Available data:
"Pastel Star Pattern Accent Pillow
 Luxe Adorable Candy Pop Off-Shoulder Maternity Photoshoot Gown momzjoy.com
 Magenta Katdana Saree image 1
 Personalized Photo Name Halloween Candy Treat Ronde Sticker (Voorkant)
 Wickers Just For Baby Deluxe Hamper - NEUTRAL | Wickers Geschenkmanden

Work instructions:
With "Candy" as the string to find, copy every line of the records that holds it.

Your solution:
 Luxe Adorable Candy Pop Off-Shoulder Maternity Photoshoot Gown momzjoy.com
 Personalized Photo Name Halloween Candy Treat Ronde Sticker (Voorkant)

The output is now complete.